→ What is needed
Search the data below for the word "Super" and copy each line that holds it.

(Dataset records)
--- START ---
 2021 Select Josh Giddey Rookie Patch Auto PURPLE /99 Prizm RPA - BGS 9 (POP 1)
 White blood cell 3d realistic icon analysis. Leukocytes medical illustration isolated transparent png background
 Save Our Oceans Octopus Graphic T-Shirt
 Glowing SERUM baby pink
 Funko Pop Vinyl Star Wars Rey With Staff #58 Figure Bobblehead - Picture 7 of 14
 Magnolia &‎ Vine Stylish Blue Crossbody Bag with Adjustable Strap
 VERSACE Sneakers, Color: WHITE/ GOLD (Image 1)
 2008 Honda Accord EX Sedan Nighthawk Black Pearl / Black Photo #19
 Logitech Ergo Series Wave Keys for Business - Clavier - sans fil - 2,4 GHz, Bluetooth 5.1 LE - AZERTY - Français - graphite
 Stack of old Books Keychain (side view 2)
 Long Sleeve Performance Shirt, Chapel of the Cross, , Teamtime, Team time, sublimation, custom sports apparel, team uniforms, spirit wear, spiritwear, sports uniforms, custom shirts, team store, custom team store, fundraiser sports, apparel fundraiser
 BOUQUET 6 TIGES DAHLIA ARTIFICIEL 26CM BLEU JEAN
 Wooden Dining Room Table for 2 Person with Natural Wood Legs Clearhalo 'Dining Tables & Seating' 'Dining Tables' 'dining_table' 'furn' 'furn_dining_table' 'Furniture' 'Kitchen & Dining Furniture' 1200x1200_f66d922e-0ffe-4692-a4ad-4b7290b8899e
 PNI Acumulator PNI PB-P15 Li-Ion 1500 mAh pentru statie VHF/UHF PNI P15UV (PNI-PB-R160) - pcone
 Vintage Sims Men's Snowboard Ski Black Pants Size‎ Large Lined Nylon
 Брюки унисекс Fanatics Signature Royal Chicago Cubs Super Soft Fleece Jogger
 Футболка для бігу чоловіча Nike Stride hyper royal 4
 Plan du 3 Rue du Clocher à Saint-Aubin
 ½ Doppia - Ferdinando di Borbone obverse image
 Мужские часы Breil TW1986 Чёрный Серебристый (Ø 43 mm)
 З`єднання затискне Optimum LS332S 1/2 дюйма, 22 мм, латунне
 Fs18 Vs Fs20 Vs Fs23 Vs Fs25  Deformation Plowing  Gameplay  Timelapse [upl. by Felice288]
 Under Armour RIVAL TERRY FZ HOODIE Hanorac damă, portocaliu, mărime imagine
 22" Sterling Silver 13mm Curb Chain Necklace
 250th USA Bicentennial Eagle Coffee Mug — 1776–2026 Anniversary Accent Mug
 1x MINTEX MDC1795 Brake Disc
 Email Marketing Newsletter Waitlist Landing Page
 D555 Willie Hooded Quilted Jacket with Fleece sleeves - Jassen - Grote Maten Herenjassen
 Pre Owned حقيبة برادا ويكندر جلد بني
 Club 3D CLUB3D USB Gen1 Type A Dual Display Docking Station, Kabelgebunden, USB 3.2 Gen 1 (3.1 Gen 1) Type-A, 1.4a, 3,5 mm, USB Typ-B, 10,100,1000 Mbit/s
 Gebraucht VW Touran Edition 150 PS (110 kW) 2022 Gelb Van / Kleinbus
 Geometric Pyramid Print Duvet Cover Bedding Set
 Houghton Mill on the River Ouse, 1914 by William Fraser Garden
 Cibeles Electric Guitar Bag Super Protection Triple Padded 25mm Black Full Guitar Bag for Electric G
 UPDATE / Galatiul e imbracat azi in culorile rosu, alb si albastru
--- END ---
→ Completed exercise
 Брюки унисекс Fanatics Signature Royal Chicago Cubs Super Soft Fleece Jogger
 Cibeles Electric Guitar Bag Super Protection Triple Padded 25mm Black Full Guitar Bag for Electric G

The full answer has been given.